[Opening Source material section]

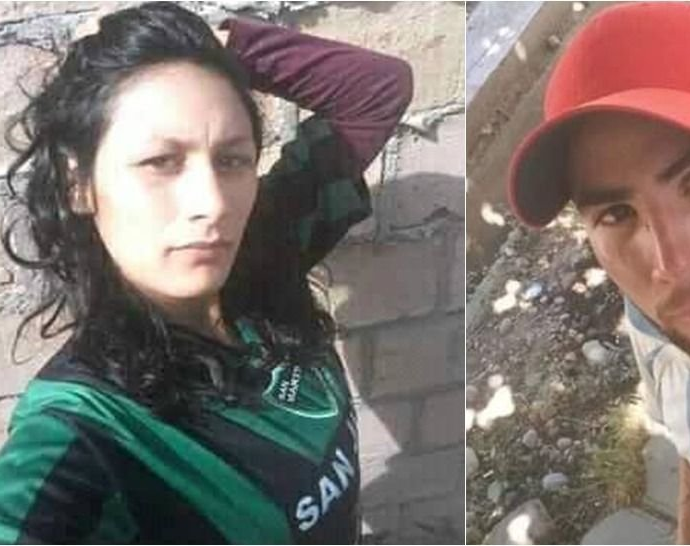 Dieron a conocer las identidades de los involucrados en crimen en Pocito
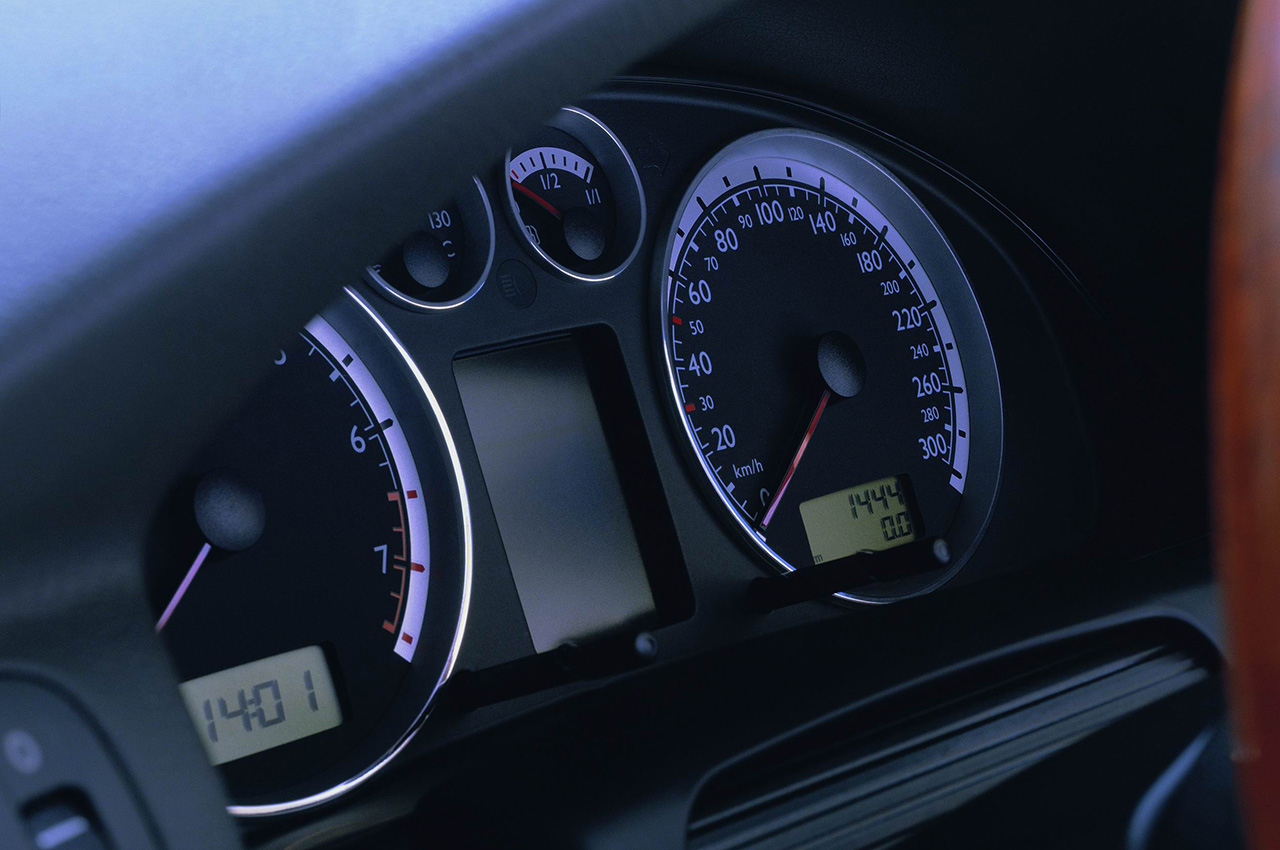 Volkswagen Passat W8 | Zdjęcie #49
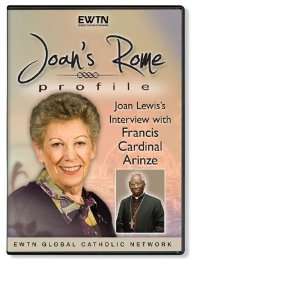  Joans Rome Profile Francis Cardinal Arinze   DVD Toys 
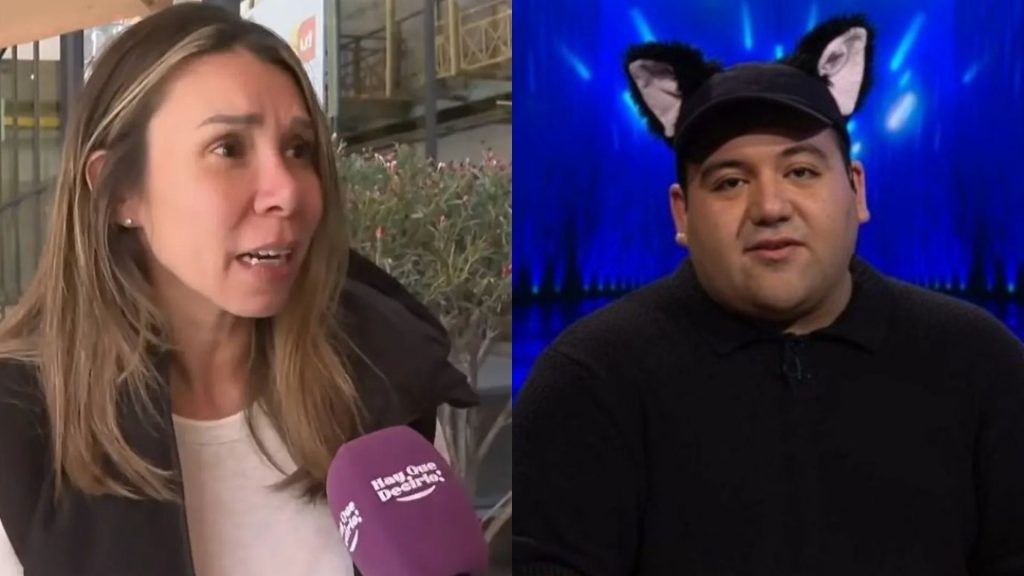 Danilo 21 no se guardó nada y opinó sobre el desempeño de Cecilia Gutiérrez en “Hay que decirlo”:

[Closing Source material section]

▶ _Task details_
The material is to be reproduced verbatim, and no picture may appear in the copy.

▶ _Solution to this problem_
 Dieron a conocer las identidades de los involucrados en crimen en Pocito
 Volkswagen Passat W8 | Zdjęcie #49
  Joans Rome Profile Francis Cardinal Arinze   DVD Toys 
 Danilo 21 no se guardó nada y opinó sobre el desempeño de Cecilia Gutiérrez en “Hay que decirlo”:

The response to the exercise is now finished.